Top of Input data

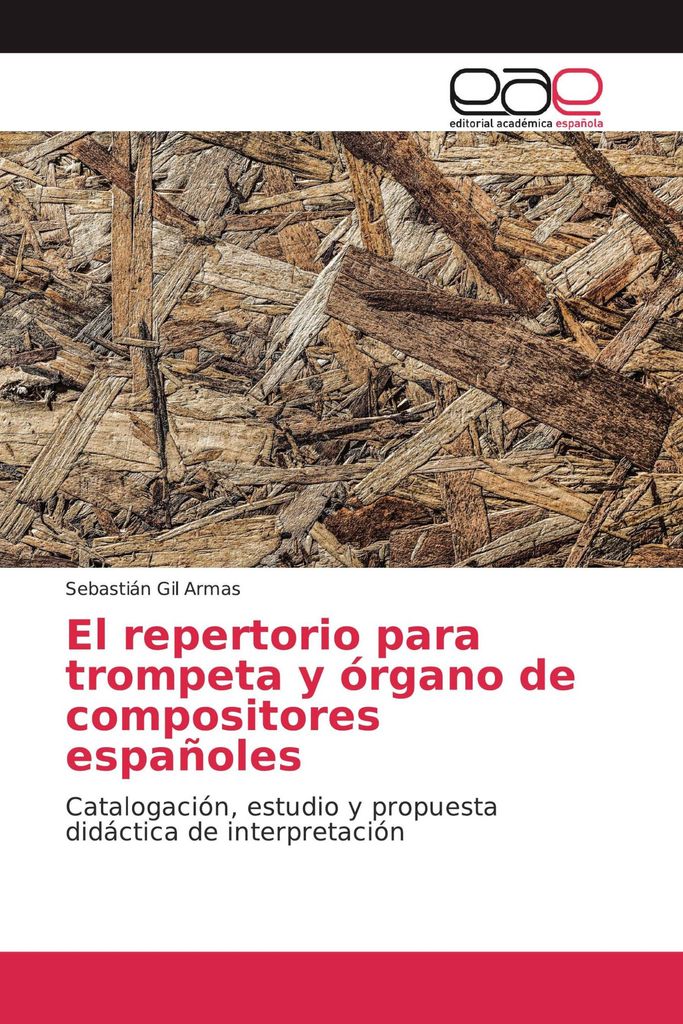 El repertorio para trompeta y órgano de compositores españoles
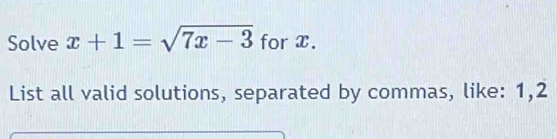 Solve x+1=sqrt(7x-3) for x. 
List all valid solutions, separated by commas, like: 1, 2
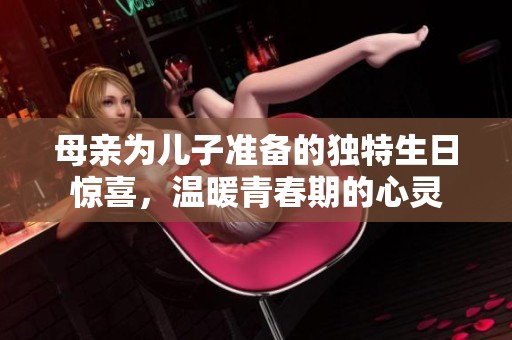 母亲为儿子准备的独特生日惊喜，温暖青春期的心灵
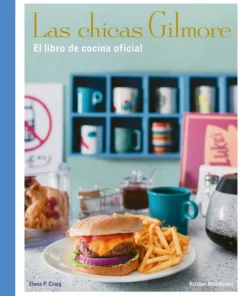 Las chicas Gilmore. El libro de cocina oficial – ilevel. Librería, cómics y regalos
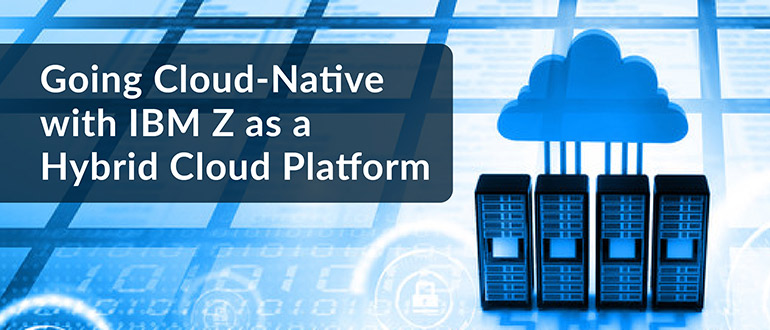 Cloud-Native with IBM Z as a Hybrid Cloud Platform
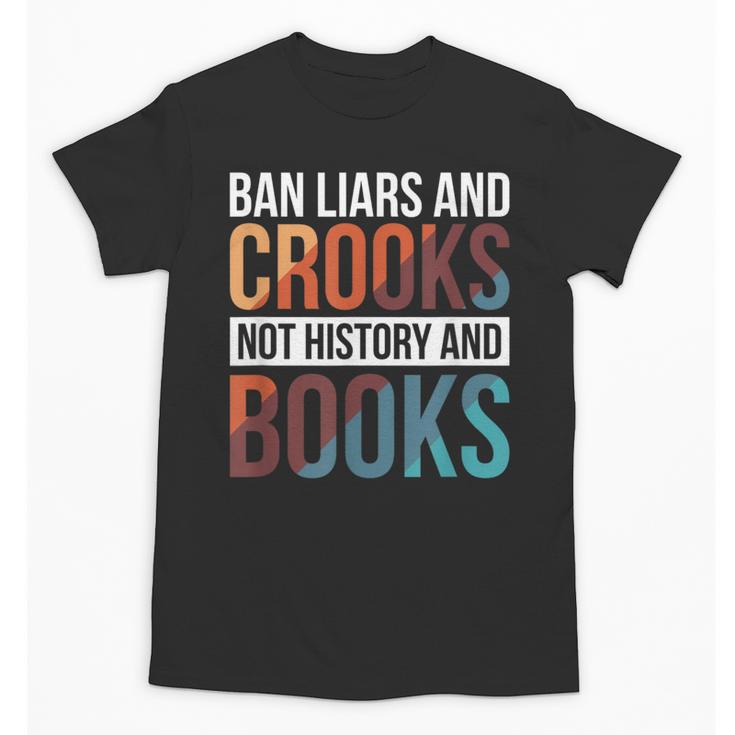 Ban Liars And Crooks Not History And Books Unisex T-Shirt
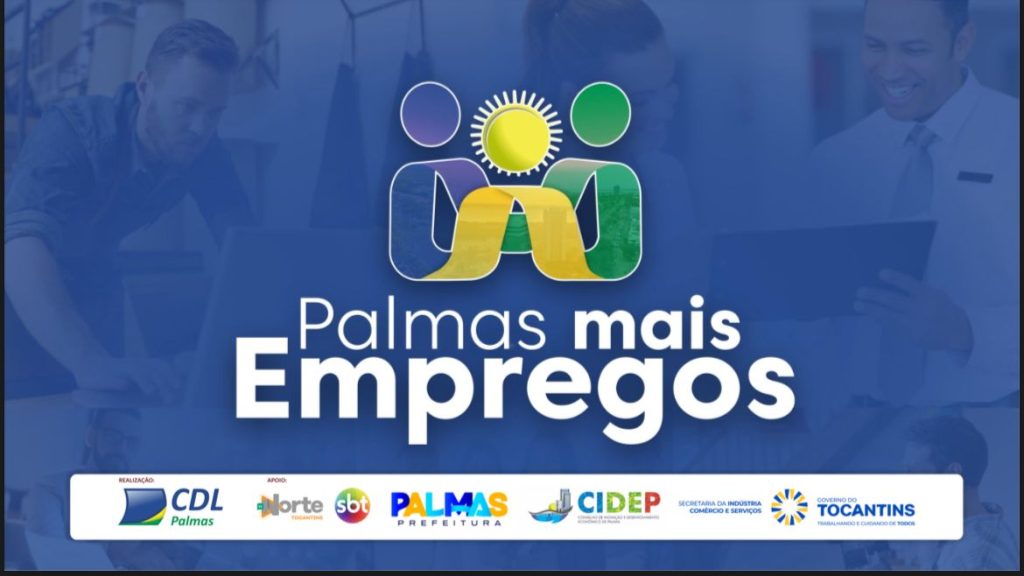MUTIRÃO “PALMAS MAIS EMPREGOS” OFERECE VAGAS E CAPACITAÇÕES EM DIVERSOS SETORES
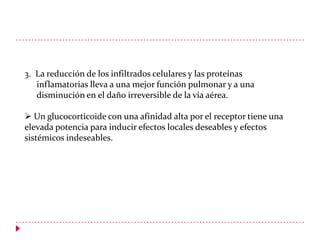 3. La reducción de los infiltrados celulares y las proteínas
inflamatorias lleva a una mejor función pulmonar y a una
disminución en el daño irreversible de la vía aérea.
 Un glucocorticoide con una afinidad alta por el receptor tiene una
elevada potencia para inducir efectos locales deseables y efectos
sistémicos indeseables.

 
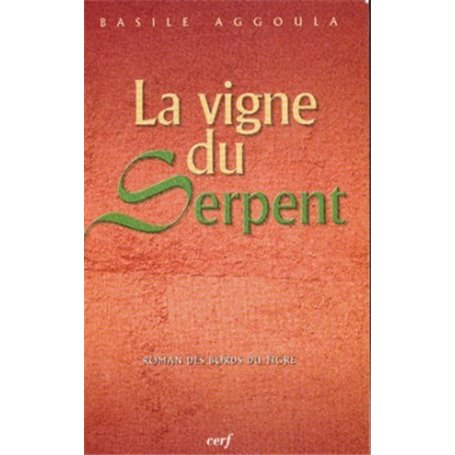 La vigne du serpent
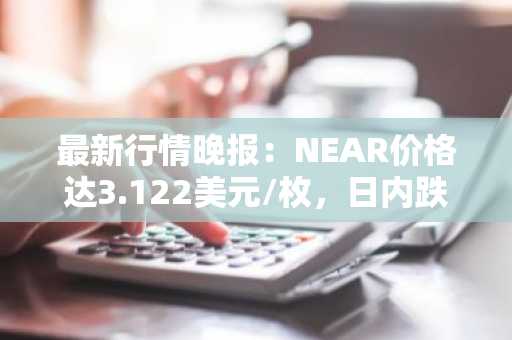 最新行情晚报：NEAR价格达3.122美元/枚，日内跌幅-3.79%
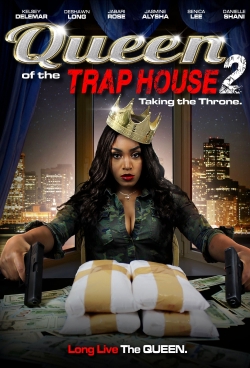 watch Queen of the Trap House 2: Taking the Throne online free
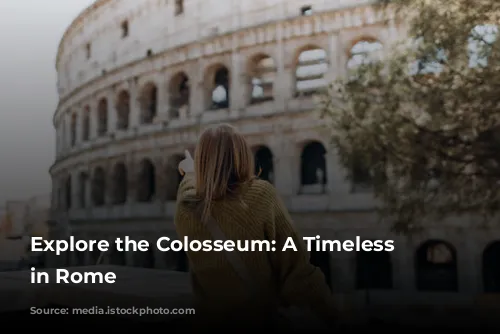 Explore the Colosseum: A Timeless Treasure in Rome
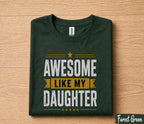 Awesome Like My Daughter Shirt Proud Dad Gift from Daughter Fathers Day Birthday Gift for Papa Husband Funny Family Love Tee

Bottom of Input data

• **Problem to work on**:
Would you reproduce, exactly and with nothing added, every line from the beginning of the entries above through the line that contains "EM DIVERSOS SETORES", both included, leaving out the pictures?

• **Solution to the exercise**:
 El repertorio para trompeta y órgano de compositores españoles
 Solve x+1=sqrt(7x-3) for x. 
List all valid solutions, separated by commas, like: 1, 2
 母亲为儿子准备的独特生日惊喜，温暖青春期的心灵
 Las chicas Gilmore. El libro de cocina oficial – ilevel. Librería, cómics y regalos
 Cloud-Native with IBM Z as a Hybrid Cloud Platform
 Ban Liars And Crooks Not History And Books Unisex T-Shirt
MUTIRÃO “PALMAS MAIS EMPREGOS” OFERECE VAGAS E CAPACITAÇÕES EM DIVERSOS SETORES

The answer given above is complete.